Working with stakeholders toward a “significantly reformed interconnection process”

By Danielle Osborn Mills, Principal, Infrastructure Policy Development |

Since working with stakeholders to identify the best ways to address overheated interconnection queues in 2022 and 2023, the California Independent System Operator (ISO) recently released its new Straw Proposal designed to greatly improve the overall efficiency of getting new resources connected to the grid. 

The ISO’s need for interconnection reform is profound, but not unique, as interconnection queues across the country are facing new challenges. In response to these challenges, the Federal Energy Regulatory Commission (FERC) in July issued Order No. 2023, “Improvements to Generator Interconnection Procedures and Agreements,” which will transition regulated entities to a “first-ready, first-served” interconnection process through a number of new requirements.

The ISO intends to comply with this order as quickly and completely as possible, and plans to apply Order No. 2023 to Cluster 15, our latest set of interconnection requests. We are now in Track 2 of the Interconnection Process Enhancements (IPE) Initiative where we will focus on issues that are more unique to the ISO and additional to new FERC requirements. Under the proposed new approach, and consistent with FERC Order No. 2023, interconnection requests will have to meet new requirements to demonstrate site control. These measures, along with new elements of the Straw Proposal, will prioritize the most commercially ‘ready’ projects for progress to the interconnection study process.

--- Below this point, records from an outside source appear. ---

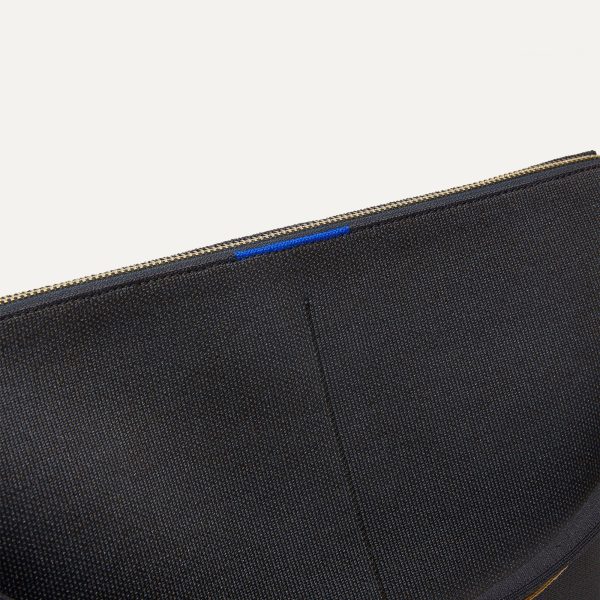 The Daily Crossbody - Ink and Ivory - Image 6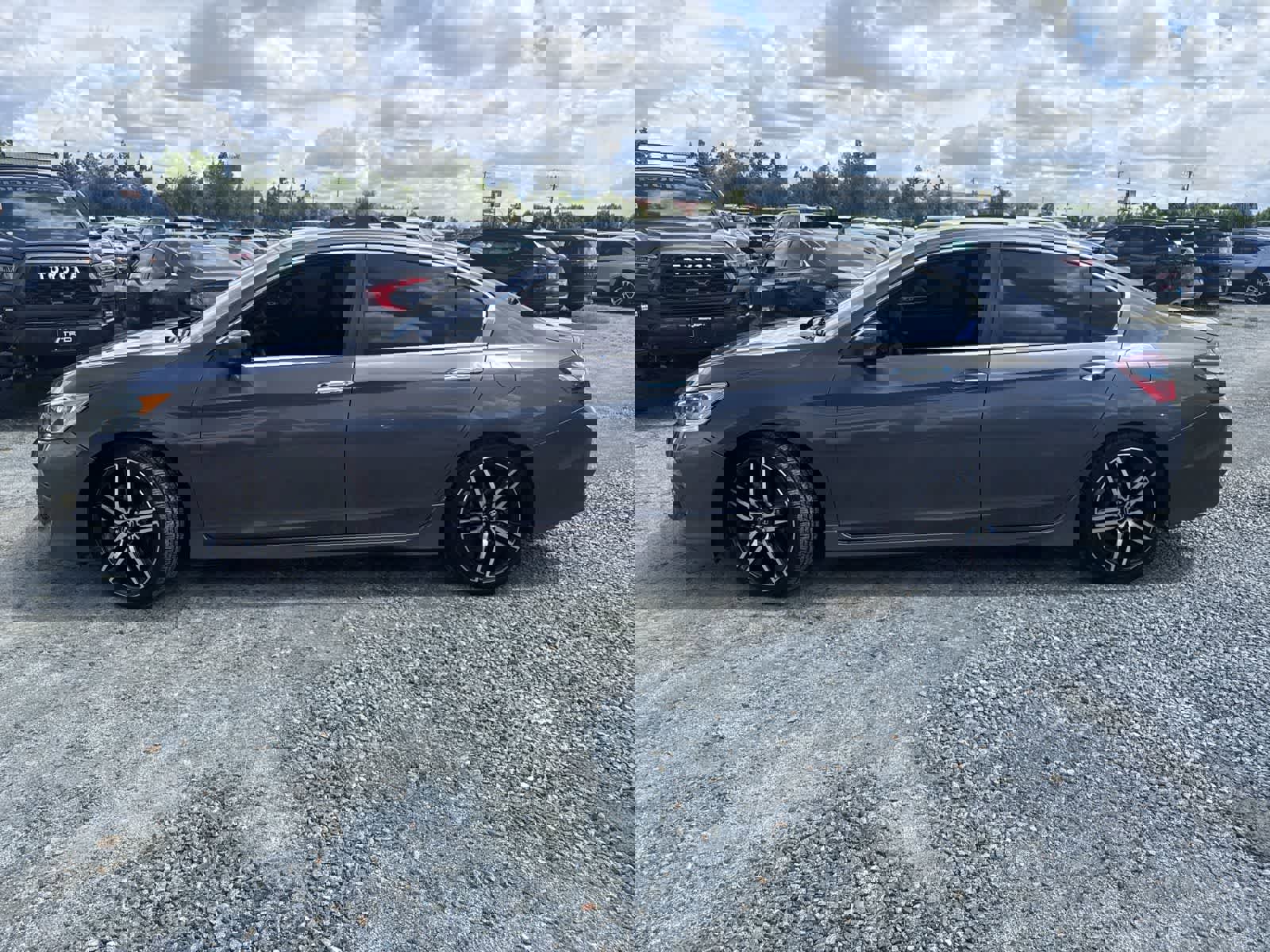 Used 2017 Honda Accord Sport image 8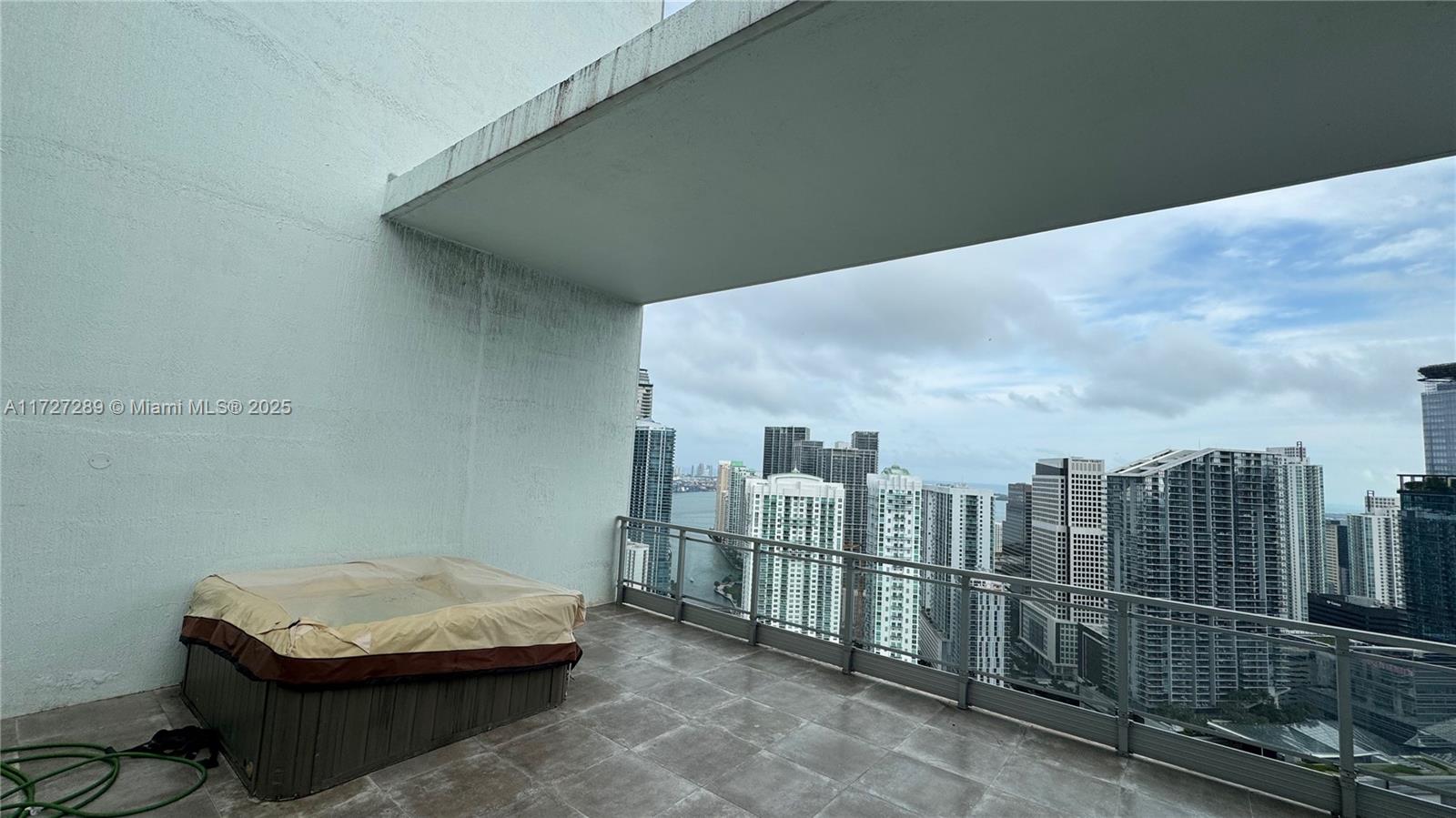 90 Southwest 3rd Street, Unit PH17 Miami, FL 33130 - Photo 16 of 64 3er LEVEL W/JACUZZI
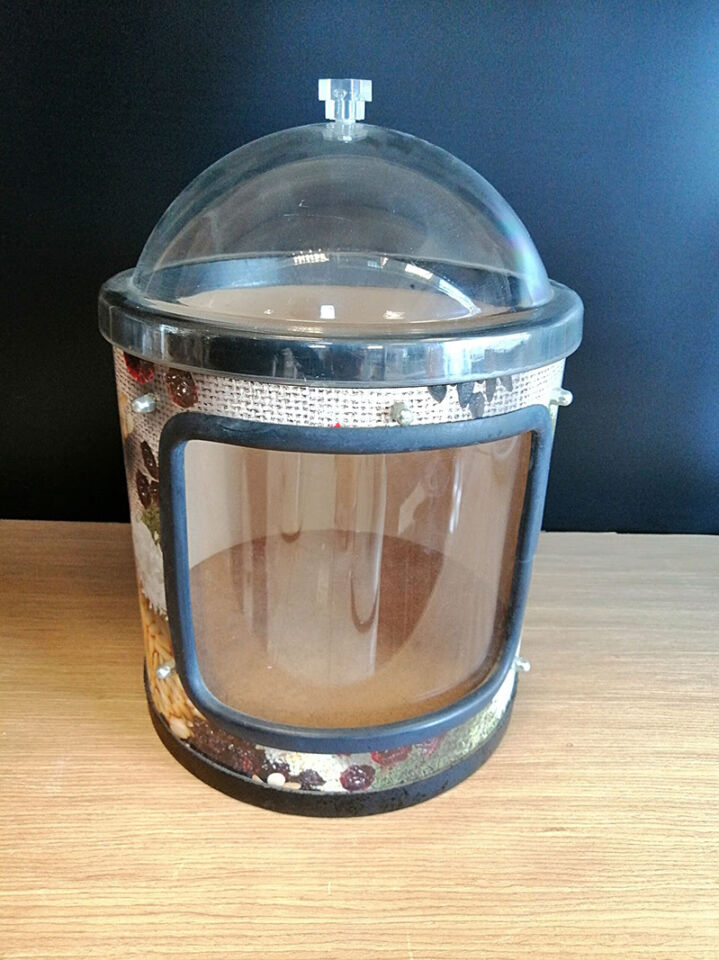 BİDON BAHARAT TAM PENCERELİ ÇAP 25CM H:25CM (Kapak Dahil Değildir) Özel Bidon Kraft Malzeme Nefes Alabilen Teşhir Depolama Baharat Kovası Bidonu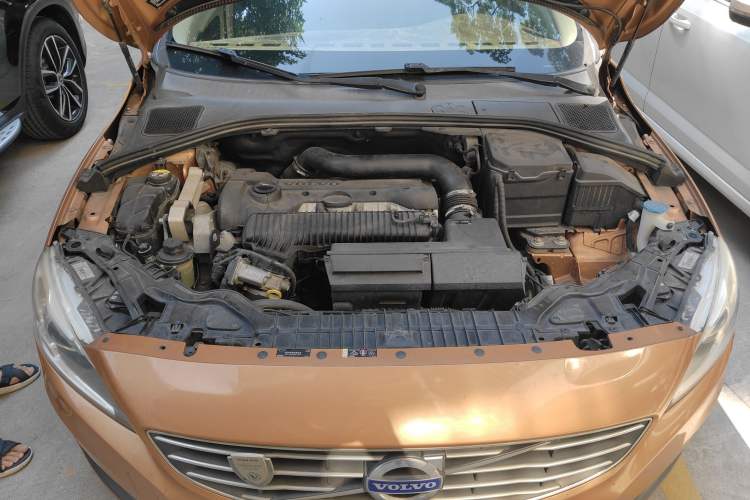 Used Volvo S60 2014 S60L T5 Intelligent Drive Edition Engine Bay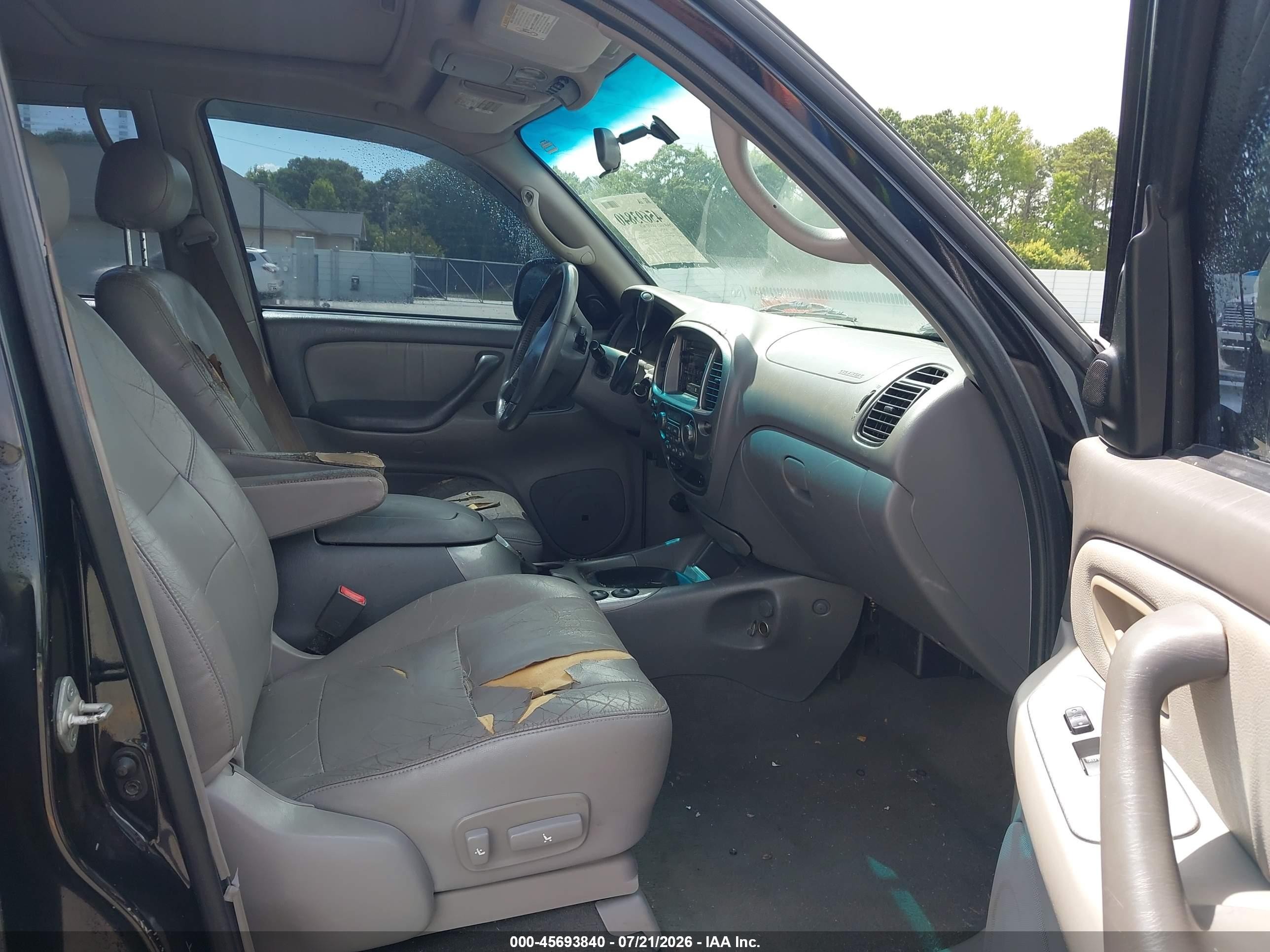 2001 Toyota Sequoia Limited V8 Black vin: 5TDZT38A11S033181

Given the urgent need to bring unprecedented amounts of new capacity online over the next decade and beyond, the Straw Proposal incorporates feedback from stakeholders to propose a significantly reformed interconnection process that emphasizes project viability and competition for resources identified in local and state resource planning efforts.

The proposed changes outlined in the Straw Proposal seek to enable rapid deployment of new generation for reliability, affordability, and decarbonization, aligning with the strategic direction established by a Memorandum of Understanding (MOU) signed last December by the ISO, California Public Utilities Commission (CPUC), and California Energy Commission (CEC). Like the MOU, the IPE Straw Proposal reflects the intention to strengthen connections between resource and transmission planning, resource procurement, and interconnection processes.

Central to the proposal is the zonal approach, which encourages interconnections in established transmission zones with available and planned transmission plan deliverability (TPD). This approach provides a natural incentive for project development and procurement of projects in areas where resources are needed, based on state and local resource plans. The ISO will continue to work with state agencies, local regulatory authorities, load-serving entities, and other stakeholders to consider opportunities for deeper integration of procurement activities earlier in the interconnection process.

Prior to the opening of the interconnection request window, the ISO will provide information that identifies priority zones. Generation projects seeking to interconnect outside of the priority zones may proceed as Option B projects. This ensures that projects seeking to interconnect in areas with no available deliverability capacity have a path forward.


The Straw Proposal incorporates stakeholder suggestions to score each interconnection request based on a set of clear and verifiable criteria used to rank the projects for progression to the study process. If excess proposed capacity exists in certain transmission zones after applying the readiness scores, the ISO would conduct a market-clearing, sealed-bid auction for the right to be prioritized and studied in a specific zone. In response to stakeholder feedback and sensitivity to ratepayer costs, the ISO designed the auction to minimize the fiscal impact on ratepayers, with auction revenues used to fund transmission upgrades. Under this proposal, successful projects would progress to a reformed study process that is consistent with FERC Order No. 2023.

Acknowledging the typically long timeframes of most transmission development projects, the ISO and stakeholders recognize the importance of working together to modify the transmission plan deliverability allocation process and develop a methodology to enable multi-year interim deliverability to align Local Delivery Network Upgrades (LDNUs) with requested commercial online dates. Given the importance of obtaining deliverability in today’s market, the ISO expects this to be a topic of additional stakeholder discussions as we work together in the coming months to develop the draft final proposal.

To address projects currently in the ISO’s interconnection queue, the Straw Proposal includes a one-time opportunity for interconnection customers to withdraw projects from the queue and receive, over time, any unused portion of their interconnection financial security postings.

The ISO also proposes changes that will require projects in the queue to either perform or withdraw, by advancing to an interconnection agreement and posting a third financial security within an established timeframe. This places a financial obligation on the project if it desires to remain in the queue, and motivates a decision to withdraw if it can’t or won’t proceed to an executed interconnection agreement.

These process reforms, described in greater detail in the Straw Proposal, are designed to accelerate progress toward execution of an interconnection agreement and commercial operations for the most viable and competitive projects in areas that align with local and state resource plans. The ISO looks forward to ongoing engagement with stakeholders to refine this proposal in a manner that complies with new FERC requirements, addresses current market dynamics, and aligns with the broader vision outlined in the MOU.